Punch-Drunk Love de Paul Thomas Anderson (2)

Puisque vous invitez les commentaires sur « Punch Drunk Love », je me permets de revenir un peu sur les impressions que j’ai esquissées lors du débat. J’ai retrouvé après le mot exact en français pour l’anglais « punch drunk », c’est « sonné » (on dit aussi « groggy », emprunté de l’anglais). Cela se réfère d’abord au boxeur qui, ayant reçu beaucoup de « coups » (punch) à la tête, en est assommé, étourdi, comme « saoul » (drunk), mais cela a pris aussi le sens secondaire de « fou ». Tout cela s’applique bien à Barry. Les coups qu’il a reçus sont apparemment génétiques d’abord, car il porte tous les signes de l’autisme. Mais il s’en donne aussi à lui-même, car il se rend bien compte que son comportement est souvent inadapté et il s’en veut à lui-même. En longeant le couloir de l’immeuble après avoir raccompagné Lena, par exemple, il se traite de tous les noms de ne pas avoir trouvé le courage de l’embrasser. Le besoin qu’il ressent de temps en temps de casser la baraque, aux toilettes du restaurant ou dans l’appartement d’une de ses sœurs, exprime des accès de colère contre lui-même.

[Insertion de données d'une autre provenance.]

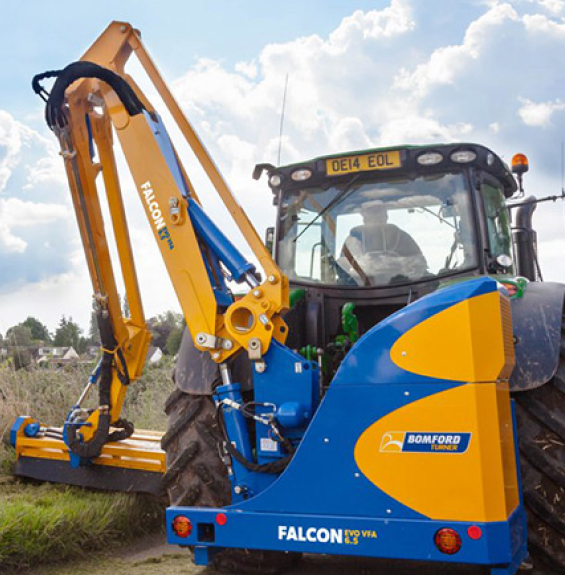 Falcon Evo Forward VFA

Un détail qu’il faudrait mentionner en passant, c’est le fait que l’arnaque porno est organisée à Provo, dans l’Utah. Or, l’Utah, c’est le pays des Mormons, l’exemple même de la société bien-pensante, et Provo, beaucoup moins cosmopolite et plus conservateur que la capitale, Salt Lake City, est le siège de la grande université mormone, Brigham Young University. Qu’une arnaque porno vienne de là pour corrompre un innocent de Los Angeles (qui vient juste après Las Vegas comme foyer du vice), c’est évidemment un grand trait d’ironie satirique.

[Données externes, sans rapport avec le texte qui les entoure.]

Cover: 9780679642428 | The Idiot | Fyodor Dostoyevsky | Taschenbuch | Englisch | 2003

Je voudrais aussi insister sur ma thèse de conte de fées qui, à part Henri, n’avait pas l’air d’accueillir beaucoup d’adhésions. Il ne s’agit pas de deux inadaptés qui se trouvent, car Lena est parfaitement normale — à part son intérêt inexplicable pour ce gars. Quand il lui expose sa combine avec les puddings, par exemple, elle dit (comme nous) « C’est dingue ! ».  Lui est trop timide pour vouloir seulement faire sa connaissance dans le contexte très rassurant de sa propre famille, mais elle vient vers lui, utilisant la voiture qu’elle doit laisser chez le garagiste comme prétexte pour le rencontrer. Lorsqu’il longe le couloir en pestant contre lui-même, c’est elle qui le rappelle par téléphone pour le baiser inespéré. Il n’a pas besoin de lui faire la cour, c’est elle qui fait toutes les avances. C’est le rêve de la plupart des hommes, et surtout d’un type comme Barry. Et après que ses mauvaises fréquentations à lui ont mis sa vie à elle en danger et qu’il l’a ensuite abandonnée à l’hôpital, elle le lui reproche gentiment avant de le prendre dans ses bras. Je reprends la question que j’ai posée devant le cinéma après la séance et qui n’a pas trouvé de réponse à ce moment-là :  Quel avenir peut-on imaginer pour ce couple ? Je crois que la seule réponse possible, c’est « Et ils vécurent toujours heureux et eurent beaucoup d’enfants ».